The circumstances in which the Justin Trudeau government was elected and took office are as different as Canadian politics and sociology are from American. (It is a little-recognized fact that there isn’t much in common between the two countries except about half of their geography and the fact that the majority in both countries speak English.) At the start of the last Canadian election, Liberals were the third party for the first time in history. The polls had a post-dissolution flirtation with the NDP, but that party lost ground to the unambiguous federalists and separatists in Quebec, where it had tried to straddle, and took a node-dive on side-issues of commendable principle. The nine-year Harper government took the lead in the polls, but as fatigue with the incumbents grew, the failure to portray Trudeau as a pretty-faced air-head with a famous name but no capacity to lead floundered. The government was reduced to demagogy about preventing the arrival of “400,000 refugees from Syria” and Muslim female headgear at a couple of citizenship ceremonies, and the torch was fumbled on to the Liberals.

The great achievement of the incoming government was to prove that Justin Trudeau is a plausible prime minister, and he is. But there hasn’t been a very well-defined program. The Liberals have played a fairly artful game of making placatory noises to the environmental and First Nations militants without doing anything completely foolhardy where the militants would lead us into insane measures.
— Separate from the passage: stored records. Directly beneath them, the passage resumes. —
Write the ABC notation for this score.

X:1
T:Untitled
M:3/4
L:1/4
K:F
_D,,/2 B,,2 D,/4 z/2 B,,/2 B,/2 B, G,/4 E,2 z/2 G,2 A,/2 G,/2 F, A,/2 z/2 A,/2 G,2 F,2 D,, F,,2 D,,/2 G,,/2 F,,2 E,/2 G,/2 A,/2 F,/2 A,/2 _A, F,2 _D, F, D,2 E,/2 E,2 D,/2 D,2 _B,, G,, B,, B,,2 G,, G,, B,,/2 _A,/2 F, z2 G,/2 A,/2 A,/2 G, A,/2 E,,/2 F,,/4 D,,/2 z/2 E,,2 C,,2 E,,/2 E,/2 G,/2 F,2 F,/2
But now the Prime Minister is reduced to saying that he was misunderstood when he spoke of “phasing out the oil sands,” and is being sand-bagged in the press when questioned about the unspeakable mismanagement of the energy sector, especially electricity, in Ontario by the provincial Liberals, the more astute of whom have made the life-saving jump to Ottawa. 

Justin Trudeau is only the third Liberal leader after John Turner and Paul Martin not to enjoy a stacked deck of massive Liberal support in Quebec, since Edward Blake (who handed over to Wilfrid Laurier in 1887). The Liberals can’t win four out of five elections, as they did from 1921 to 2006 (18 out of 25 in fact, but 15 full terms to four for the Conservatives), all based on a strangle-hold on Quebec that Brian Mulroney ended, or a fragmented opposition that Stephen Harper ended. Trudeau’s re-election is not assured, though he should have an edge if the Conservatives revert to a unilingual leader whom 20 to 25 per cent of the people of the other official language group have to listen to through an interpreter. There will be plenty of time to assess the Conservative leadership race, but we now have the NDP Alberta premier Rachel Notley cheering President Trump’s revival of the Keystone pipeline, and a good deal of overdue Liberal back-pedaling and lane-changing on carbon use and trade.

There is nothing insane about the Trump program and it will be popular, and the administration is not a bit anti-Canadian; presumably, the customary adjustments to sea changes in Washington will be made. Where Trudeau had a honeymoon and didn’t use it, Donald emerged from so acrimonious and revolutionary a campaign that there is no honeymoon — it will come and the skirmishing will end when his program is enacted and seems to work.

Meanwhile, Bryan Cranston (“Breaking Bad”), Samuel L. Jackson, Lena Dunham (“Girls”), Neve Campbell (“House of Cards”), Natasha Lyonne (“Orange is the New Black”), Cher, Miley Cyrus, Barbra Streisand, Chelsea Handler, Jon Stewart, Whoopi Goldberg, Keegan-Michael Key, George Lopez, Justice Ruth Bader Ginsburg, and the reprobate posturer Al Sharpton, are among those Americans who promised to emigrate if Trump were elected, and most promised to come to Canada. Apart from Sharpton, it would be a more up-market intake than the anti-Vietnam War fugitives of 50 years ago, and they would add to our talent pool, but they seem not to be moving.